Activity:
Your task is to give the listing below back word for word, pictures excluded.

Dataset section:
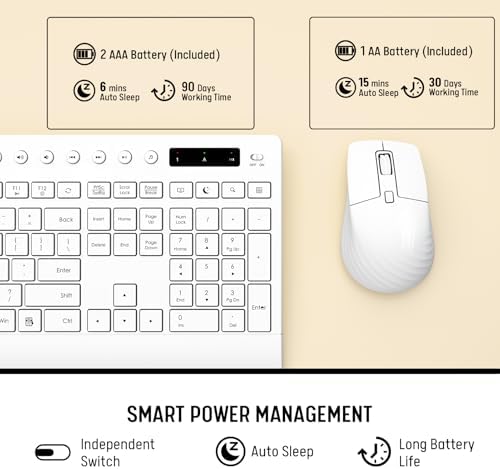 Trueque Wireless Keyboard and Mouse Combo, Full Size with Palm Rest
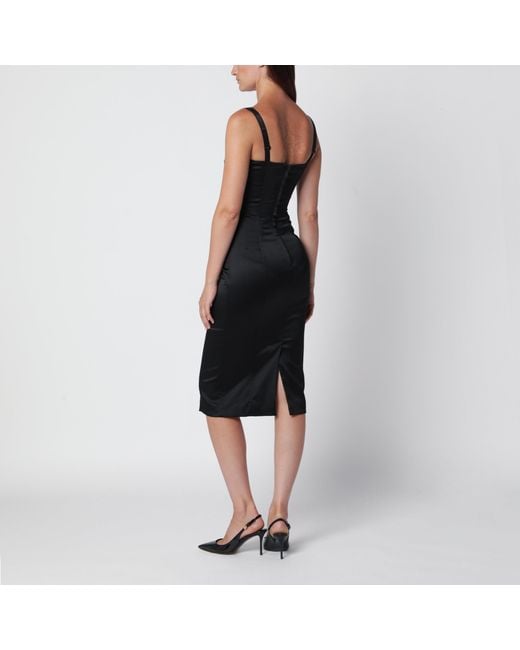 Dolce & Gabbana Black Satin Bustier Dress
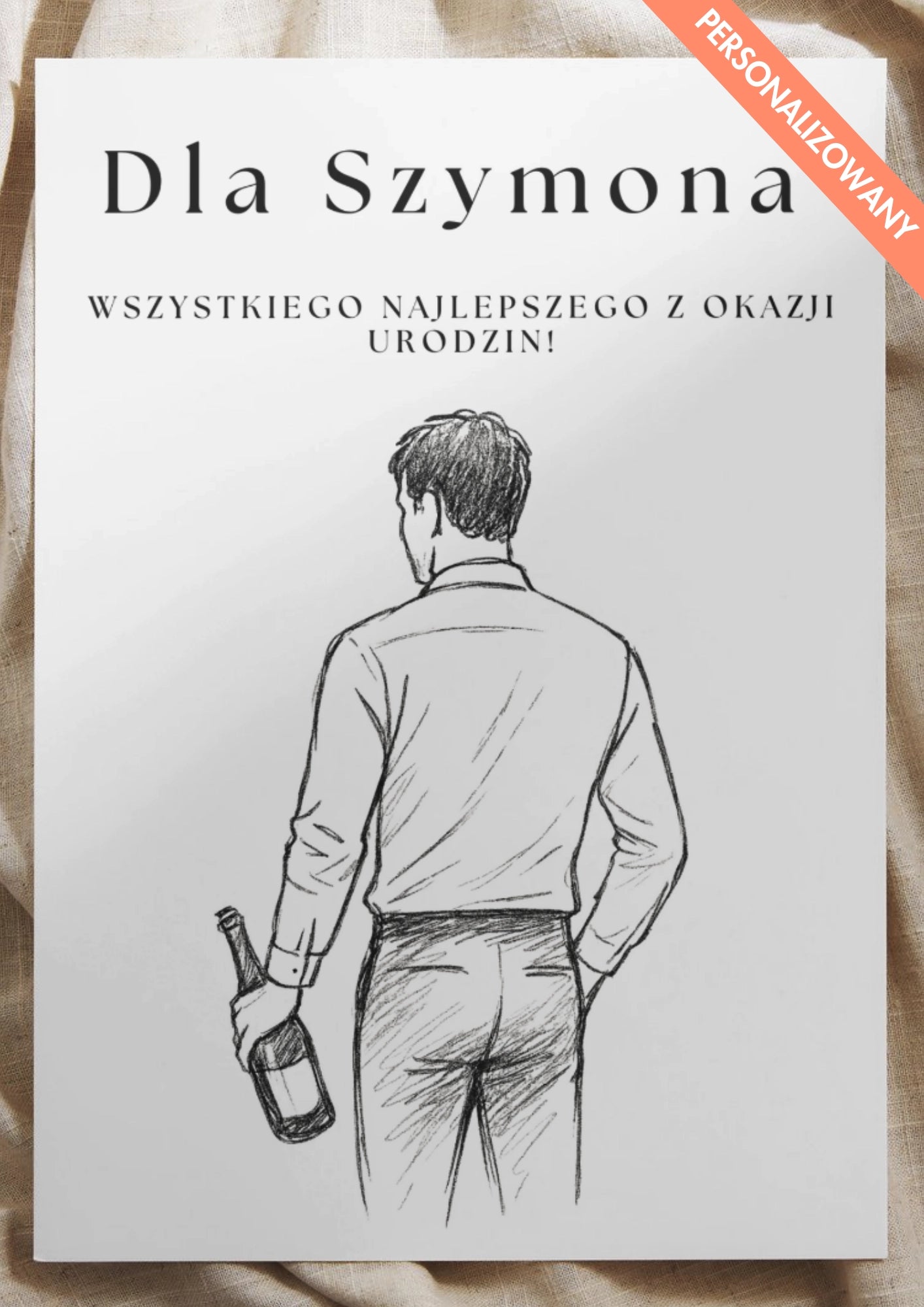 Personalizowany Plakat Urodzinowy z Sylwetką Mężczyzny i Butelką – Stylowy Prezent z Charakterem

Solved exercise:
 Trueque Wireless Keyboard and Mouse Combo, Full Size with Palm Rest
 Dolce & Gabbana Black Satin Bustier Dress
 Personalizowany Plakat Urodzinowy z Sylwetką Mężczyzny i Butelką – Stylowy Prezent z Charakterem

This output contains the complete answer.